DG-KAG:Boosting Distractor Generation via Knowledge Triplet Augmentation

DG-KAG: Distractor Generation using Language Models with Knowledge Augmented Generation

This repo provides the source code & data of our paper : DG-KAG:Boosting Distractor Generation via Knowledge Triplet Augmentation.


0. Dependencies

Run the following commands to create a project environment (assuming CUDA10.1):

pip install torch==1.8.0+cu101 -f https://download.pytorch.org/whl/torch_stable.html
pip install transformers==3.4.0
pip install nltk spacy==2.1.6
python -m spacy download en

# for torch-geometric
pip install torch-scatter==2.0.7 -f https://pytorch-geometric.com/whl/torch-1.8.0+cu101.html
pip install torch-sparse==0.6.9 -f https://pytorch-geometric.com/whl/torch-1.8.0+cu101.html
pip install torch-geometric==1.7.0 -f https://pytorch-geometric.com/whl/torch-1.8.0+cu101.html

1. Download data

We use the distractor generation datasets (MCQ, Sciq) and the ConceptNet knowledge graph.
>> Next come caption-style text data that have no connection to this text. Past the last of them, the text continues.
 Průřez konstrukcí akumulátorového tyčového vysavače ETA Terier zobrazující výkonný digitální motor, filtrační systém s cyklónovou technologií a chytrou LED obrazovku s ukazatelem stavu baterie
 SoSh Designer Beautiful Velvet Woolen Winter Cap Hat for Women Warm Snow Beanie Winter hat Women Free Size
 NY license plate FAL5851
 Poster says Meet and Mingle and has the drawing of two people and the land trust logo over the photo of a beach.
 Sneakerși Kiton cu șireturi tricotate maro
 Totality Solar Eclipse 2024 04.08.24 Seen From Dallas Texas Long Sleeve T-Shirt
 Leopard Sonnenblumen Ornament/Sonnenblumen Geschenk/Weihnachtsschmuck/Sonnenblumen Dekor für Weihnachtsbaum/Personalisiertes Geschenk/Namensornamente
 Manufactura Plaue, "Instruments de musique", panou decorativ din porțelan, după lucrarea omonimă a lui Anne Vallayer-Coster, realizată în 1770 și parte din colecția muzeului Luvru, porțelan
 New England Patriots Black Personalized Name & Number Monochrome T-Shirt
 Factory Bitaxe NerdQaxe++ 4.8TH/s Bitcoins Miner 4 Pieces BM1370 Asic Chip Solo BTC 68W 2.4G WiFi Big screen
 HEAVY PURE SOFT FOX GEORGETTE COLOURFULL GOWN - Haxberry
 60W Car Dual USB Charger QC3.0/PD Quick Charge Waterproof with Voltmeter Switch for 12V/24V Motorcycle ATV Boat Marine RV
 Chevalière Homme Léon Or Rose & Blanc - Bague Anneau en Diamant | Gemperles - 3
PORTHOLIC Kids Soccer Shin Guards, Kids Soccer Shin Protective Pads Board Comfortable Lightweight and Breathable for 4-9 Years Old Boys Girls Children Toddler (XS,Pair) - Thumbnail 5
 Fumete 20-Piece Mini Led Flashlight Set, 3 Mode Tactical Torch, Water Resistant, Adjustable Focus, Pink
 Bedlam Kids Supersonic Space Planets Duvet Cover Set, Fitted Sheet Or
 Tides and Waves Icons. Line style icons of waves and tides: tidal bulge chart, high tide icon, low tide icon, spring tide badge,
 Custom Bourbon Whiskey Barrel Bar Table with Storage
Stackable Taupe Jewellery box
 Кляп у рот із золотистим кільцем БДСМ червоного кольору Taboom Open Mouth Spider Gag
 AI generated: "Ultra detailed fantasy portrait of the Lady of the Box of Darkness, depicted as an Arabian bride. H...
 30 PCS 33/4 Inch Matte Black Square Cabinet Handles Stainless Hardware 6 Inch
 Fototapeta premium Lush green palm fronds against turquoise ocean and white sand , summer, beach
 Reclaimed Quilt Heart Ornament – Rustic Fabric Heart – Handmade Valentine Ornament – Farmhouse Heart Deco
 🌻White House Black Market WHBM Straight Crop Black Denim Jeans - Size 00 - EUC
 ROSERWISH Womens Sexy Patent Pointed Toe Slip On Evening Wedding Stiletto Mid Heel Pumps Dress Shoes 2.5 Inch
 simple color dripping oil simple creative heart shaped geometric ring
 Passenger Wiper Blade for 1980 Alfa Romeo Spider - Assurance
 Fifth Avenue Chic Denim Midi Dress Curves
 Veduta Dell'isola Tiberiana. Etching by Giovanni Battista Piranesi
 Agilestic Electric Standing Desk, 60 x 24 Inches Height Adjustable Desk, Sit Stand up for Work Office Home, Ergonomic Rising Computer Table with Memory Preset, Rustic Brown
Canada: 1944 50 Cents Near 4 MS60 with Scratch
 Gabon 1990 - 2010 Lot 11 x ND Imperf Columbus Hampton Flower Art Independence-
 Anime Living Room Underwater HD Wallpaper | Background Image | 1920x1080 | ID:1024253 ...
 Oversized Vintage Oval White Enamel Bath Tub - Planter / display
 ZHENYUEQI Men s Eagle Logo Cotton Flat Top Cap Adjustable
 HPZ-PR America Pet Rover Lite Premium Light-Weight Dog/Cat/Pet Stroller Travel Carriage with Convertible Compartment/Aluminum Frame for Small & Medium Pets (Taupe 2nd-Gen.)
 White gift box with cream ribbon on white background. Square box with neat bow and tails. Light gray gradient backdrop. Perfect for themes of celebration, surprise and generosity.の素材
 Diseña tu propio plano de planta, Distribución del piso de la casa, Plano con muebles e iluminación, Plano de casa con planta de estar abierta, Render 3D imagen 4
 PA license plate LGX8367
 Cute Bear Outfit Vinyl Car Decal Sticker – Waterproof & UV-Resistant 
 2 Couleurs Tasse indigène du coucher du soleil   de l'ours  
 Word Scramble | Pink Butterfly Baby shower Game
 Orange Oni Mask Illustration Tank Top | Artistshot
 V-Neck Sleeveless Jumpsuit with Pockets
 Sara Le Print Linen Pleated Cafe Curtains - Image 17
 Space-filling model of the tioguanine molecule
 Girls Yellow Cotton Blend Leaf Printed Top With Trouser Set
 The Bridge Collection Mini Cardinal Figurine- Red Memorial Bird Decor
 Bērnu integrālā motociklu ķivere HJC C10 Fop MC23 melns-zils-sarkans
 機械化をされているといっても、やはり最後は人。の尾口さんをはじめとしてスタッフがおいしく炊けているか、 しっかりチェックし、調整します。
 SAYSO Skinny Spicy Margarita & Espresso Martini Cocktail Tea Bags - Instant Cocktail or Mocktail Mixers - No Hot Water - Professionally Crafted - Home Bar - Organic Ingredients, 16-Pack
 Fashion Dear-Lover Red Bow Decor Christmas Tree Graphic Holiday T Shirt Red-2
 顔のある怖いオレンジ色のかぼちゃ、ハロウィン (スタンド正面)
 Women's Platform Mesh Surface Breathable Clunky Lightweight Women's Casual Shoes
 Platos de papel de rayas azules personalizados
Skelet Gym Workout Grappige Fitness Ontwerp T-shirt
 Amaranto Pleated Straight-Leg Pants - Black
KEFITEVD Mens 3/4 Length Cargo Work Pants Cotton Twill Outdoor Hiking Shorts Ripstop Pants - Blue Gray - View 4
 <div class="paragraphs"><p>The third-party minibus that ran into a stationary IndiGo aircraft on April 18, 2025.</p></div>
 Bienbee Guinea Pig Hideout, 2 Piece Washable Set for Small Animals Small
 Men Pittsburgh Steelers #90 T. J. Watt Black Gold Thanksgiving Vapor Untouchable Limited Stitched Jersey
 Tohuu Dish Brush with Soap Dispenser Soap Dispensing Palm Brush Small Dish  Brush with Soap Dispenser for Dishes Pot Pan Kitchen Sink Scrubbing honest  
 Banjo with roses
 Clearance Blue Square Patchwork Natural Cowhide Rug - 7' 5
Download all the raw data by

sh download_raw_data.sh

Preprocess the concept raw data by running

python preprocess_concept.py -p <num_processes>

The script will:

  • Setup ConceptNet (e.g., extract English relations from ConceptNet, merge the original 42 relation types into 17 types)

Preprocess the MCQ and Sciq data by running

python preprocess_mcq.py -p <num_processes>
python preprocess_sciq.py -p <num_processes>

The script will:

  • Identify all mentioned concepts in the questions and answers

Preprocess the MCQ and Sciq data by running

python retrieve_mcq_triplet.py 
python retrieve_sciq_triplet.py 
  • Extract relevant triplet for each q-a pair and candidate set

The resulting file structure will look like:

├── README.md
├── data/
    ├── cpnet/                 (prerocessed ConceptNet)
    ├── mcq/
        ├── train.json
        ├── valid.json
        ├── test.json
        ├── grounded/              (grounded entities)
        ├── candidate_set/         (candidate sets from candidate generator)
        └── triplets/              (extracted triplets from kg retriever)
    └── sciq/
├── modeling/                  (train model)
    ├── KAG                    (KAG model)
        ├── mcq/
            ├── t5/
            └── bart/
    └── Reranker               (Reranker model)
        ├── mcq/
        └── sciq/
├── saved_models/
├── predictions/
├── eval/                      (eval model predictions)
    ├── evaluate_mcq.py
    └── evaluate_sciq.py
└── tutorial_material/         (some tutorial stuff)

2. Train DG-KAG

For MCQ and Sciq, run juypter notebook in modeling folder

  1. Reranker : Model Training Juypter Notebook for KAG Component - Triplet Reranker

Using Triplet Reranker and KG Retrieval to Construct KAG

  1. KAG : Model Training Juypter Notebook for KAG

3. Evaluate trained model

For MCQ and Sciq, run eval python file in eval folder

python eval_mcq.py --data_dir <prediction_file_path>
python eval_sciq.py --data_dir <prediction_file_path>

Trained model examples


Trained model Test F1@3 Test NDCG@3
T5 Triplet Augmentation 16.47 30.99


Trained model Test F1@3 Test NDCG@3
T5 Triplet Augmentation(with only answer triplet) 16.50 32.39

Note: The models were trained and tested with HuggingFace transformers==3.4.0.


This repo is built upon the following work:

Scalable Multi-Hop Relational Reasoning for Knowledge-Aware Question Answering. Yanlin Feng*, Xinyue Chen*, Bill Yuchen Lin, Peifeng Wang, Jun Yan and Xiang Ren. EMNLP 2020.

QA-GNN: Question Answering using Language Models and Knowledge Graphs. Michihiro Yasunaga and Hongyu Ren and Antoine Bosselut and Percy Liang and Jure Leskovec. NAACL 2021.

Many thanks to the authors and developers!